Record excerpts:
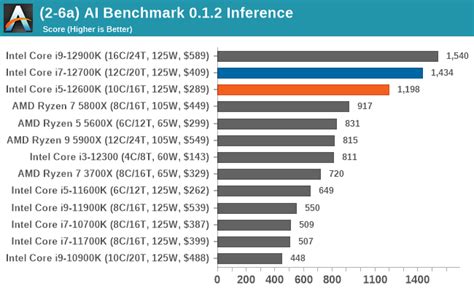 CPU Benchmark Performance: Power, Office, And Science - The Intel Core i7-12700K and Core i5 ...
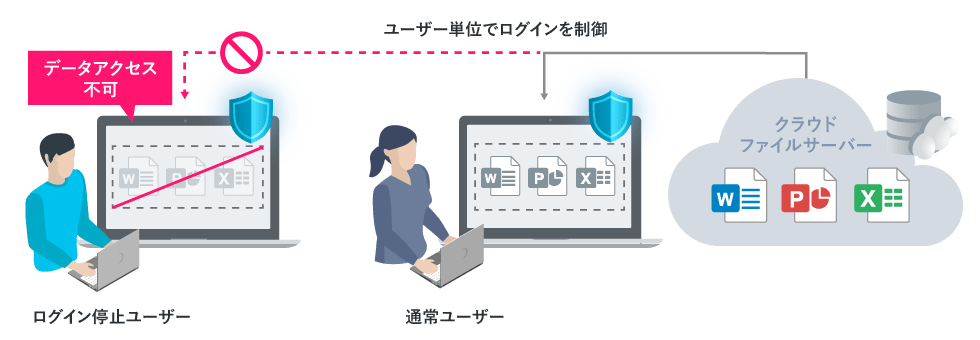 ログイン管理のイメージ図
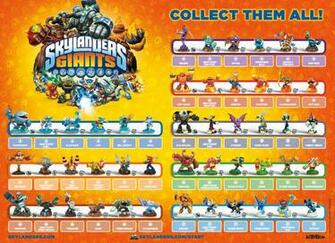 Skylanders Giants Desktop Wallpaper Of Video Game
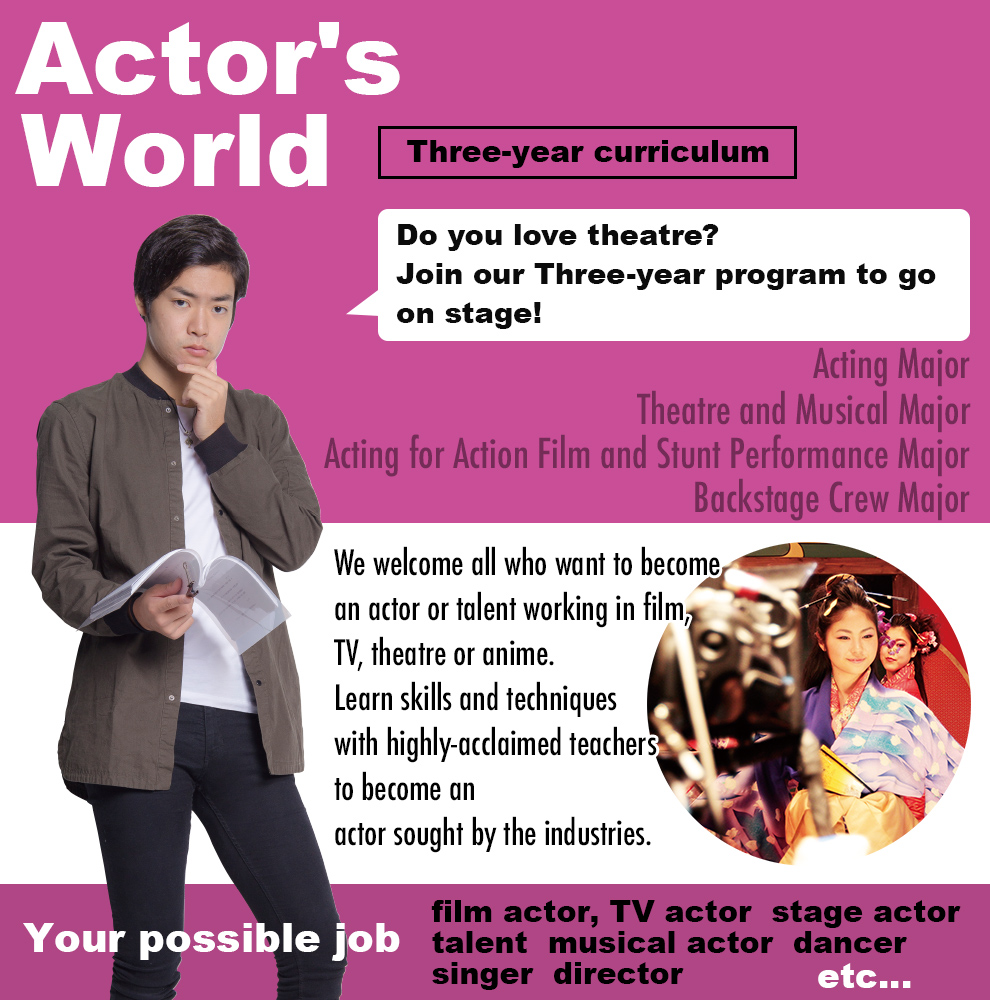 Actor's World
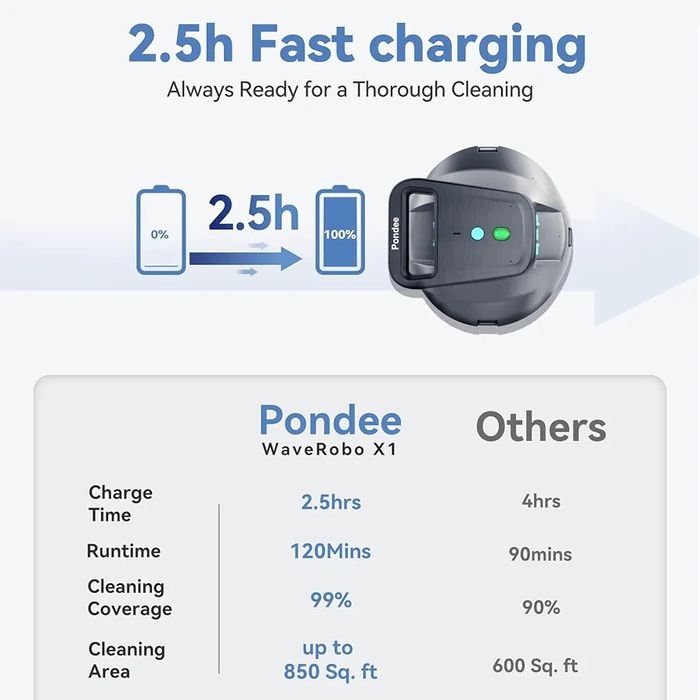 Aspirator piscina X1 Pool Robot, Battery Pool Vacuum Cleaner with 120 Minutes Running Time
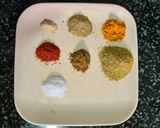 A picture of step 5 of Keto Diet Khatta Meetha Kaddu Sabzi Recipe | Weight loss Keto Pu.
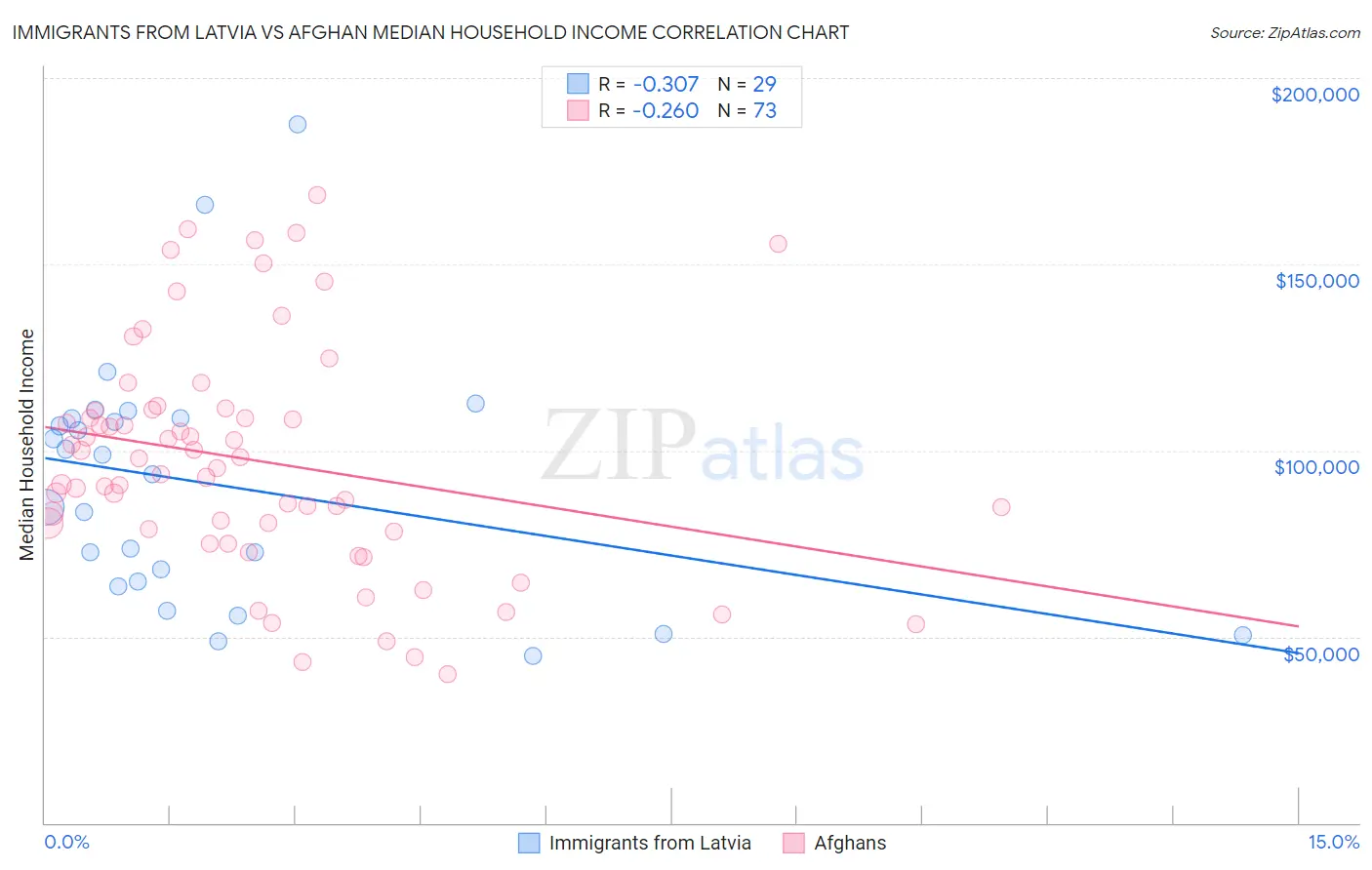 Immigrants from Latvia vs Afghan Median Household Income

What needs to be done: Give back all of the data exactly, but not the pictures.

Written solution:
 CPU Benchmark Performance: Power, Office, And Science - The Intel Core i7-12700K and Core i5 ...
 ログイン管理のイメージ図
 Skylanders Giants Desktop Wallpaper Of Video Game
 Actor's World
 Aspirator piscina X1 Pool Robot, Battery Pool Vacuum Cleaner with 120 Minutes Running Time
 A picture of step 5 of Keto Diet Khatta Meetha Kaddu Sabzi Recipe | Weight loss Keto Pu.
 Immigrants from Latvia vs Afghan Median Household Income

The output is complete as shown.